## Your task
Transcribe all the entries word for word, omitting any pictures they contain.

## Information shown
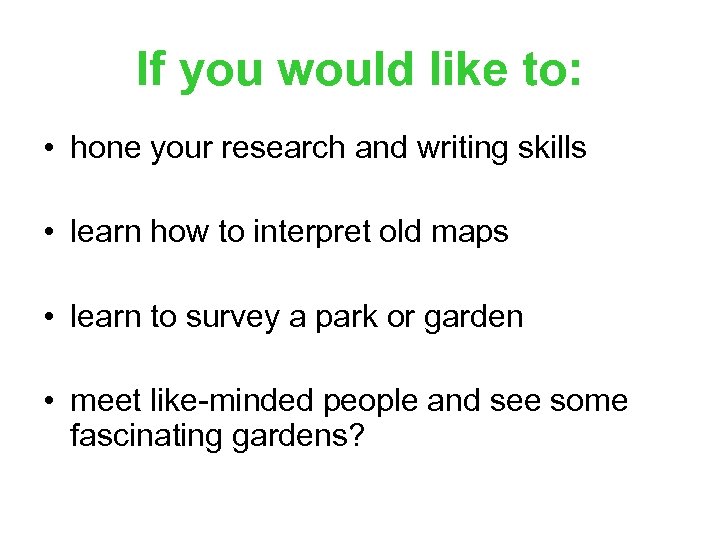 If you would like to: • hone your research and writing skills • learn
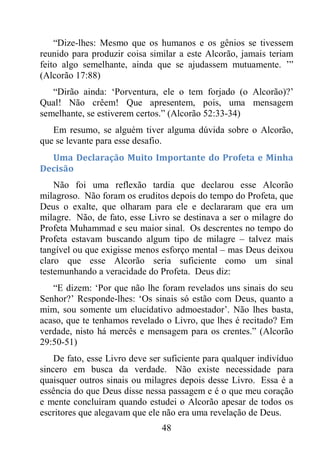 48
“Dize-lhes: Mesmo que os humanos e os gênios se tivessem
reunido para produzir coisa similar a este Alcorão, jamais teriam
feito algo semelhante, ainda que se ajudassem mutuamente. ’”
(Alcorão 17:88)
“Dirão ainda: ‘Porventura, ele o tem forjado (o Alcorão)?’
Qual! Não crêem! Que apresentem, pois, uma mensagem
semelhante, se estiverem certos.” (Alcorão 52:33-34)
Em resumo, se alguém tiver alguma dúvida sobre o Alcorão,
que se levante para esse desafio.
Uma Declaração Muito Importante do Profeta e Minha
Decisão
Não foi uma reflexão tardia que declarou esse Alcorão
milagroso. Não foram os eruditos depois do tempo do Profeta, que
Deus o exalte, que olharam para ele e declararam que era um
milagre. Não, de fato, esse Livro se destinava a ser o milagre do
Profeta Muhammad e seu maior sinal. Os descrentes no tempo do
Profeta estavam buscando algum tipo de milagre – talvez mais
tangível ou que exigisse menos esforço mental – mas Deus deixou
claro que esse Alcorão seria suficiente como um sinal
testemunhando a veracidade do Profeta. Deus diz:
“E dizem: ‘Por que não lhe foram revelados uns sinais do seu
Senhor?’ Responde-lhes: ‘Os sinais só estão com Deus, quanto a
mim, sou somente um elucidativo admoestador’. Não lhes basta,
acaso, que te tenhamos revelado o Livro, que lhes é recitado? Em
verdade, nisto há mercês e mensagem para os crentes.” (Alcorão
29:50-51)
De fato, esse Livro deve ser suficiente para qualquer indivíduo
sincero em busca da verdade. Não existe necessidade para
quaisquer outros sinais ou milagres depois desse Livro. Essa é a
essência do que Deus disse nessa passagem e é o que meu coração
e mente concluíram quando estudei o Alcorão apesar de todos os
escritores que alegavam que ele não era uma revelação de Deus.
 
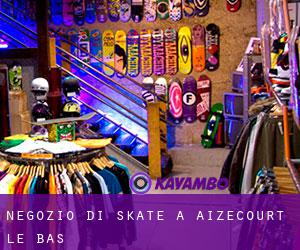 Negozio di skate a Aizecourt-le-Bas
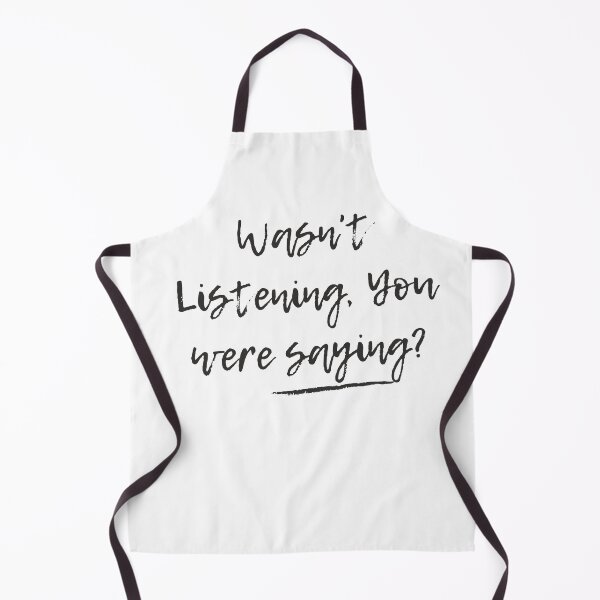 Item preview, Wasn't Listening. You were saying? designed and sold by SnarkyCatDesign.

## Task result
 If you would like to: • hone your research and writing skills • learn
 48
“Dize-lhes: Mesmo que os humanos e os gênios se tivessem
reunido para produzir coisa similar a este Alcorão, jamais teriam
feito algo semelhante, ainda que se ajudassem mutuamente. ’”
(Alcorão 17:88)
“Dirão ainda: ‘Porventura, ele o tem forjado (o Alcorão)?’
Qual! Não crêem! Que apresentem, pois, uma mensagem
semelhante, se estiverem certos.” (Alcorão 52:33-34)
Em resumo, se alguém tiver alguma dúvida sobre o Alcorão,
que se levante para esse desafio.
Uma Declaração Muito Importante do Profeta e Minha
Decisão
Não foi uma reflexão tardia que declarou esse Alcorão
milagroso. Não foram os eruditos depois do tempo do Profeta, que
Deus o exalte, que olharam para ele e declararam que era um
milagre. Não, de fato, esse Livro se destinava a ser o milagre do
Profeta Muhammad e seu maior sinal. Os descrentes no tempo do
Profeta estavam buscando algum tipo de milagre – talvez mais
tangível ou que exigisse menos esforço mental – mas Deus deixou
claro que esse Alcorão seria suficiente como um sinal
testemunhando a veracidade do Profeta. Deus diz:
“E dizem: ‘Por que não lhe foram revelados uns sinais do seu
Senhor?’ Responde-lhes: ‘Os sinais só estão com Deus, quanto a
mim, sou somente um elucidativo admoestador’. Não lhes basta,
acaso, que te tenhamos revelado o Livro, que lhes é recitado? Em
verdade, nisto há mercês e mensagem para os crentes.” (Alcorão
29:50-51)
De fato, esse Livro deve ser suficiente para qualquer indivíduo
sincero em busca da verdade. Não existe necessidade para
quaisquer outros sinais ou milagres depois desse Livro. Essa é a
essência do que Deus disse nessa passagem e é o que meu coração
e mente concluíram quando estudei o Alcorão apesar de todos os
escritores que alegavam que ele não era uma revelação de Deus.
 
 Negozio di skate a Aizecourt-le-Bas
 Item preview, Wasn't Listening. You were saying? designed and sold by SnarkyCatDesign.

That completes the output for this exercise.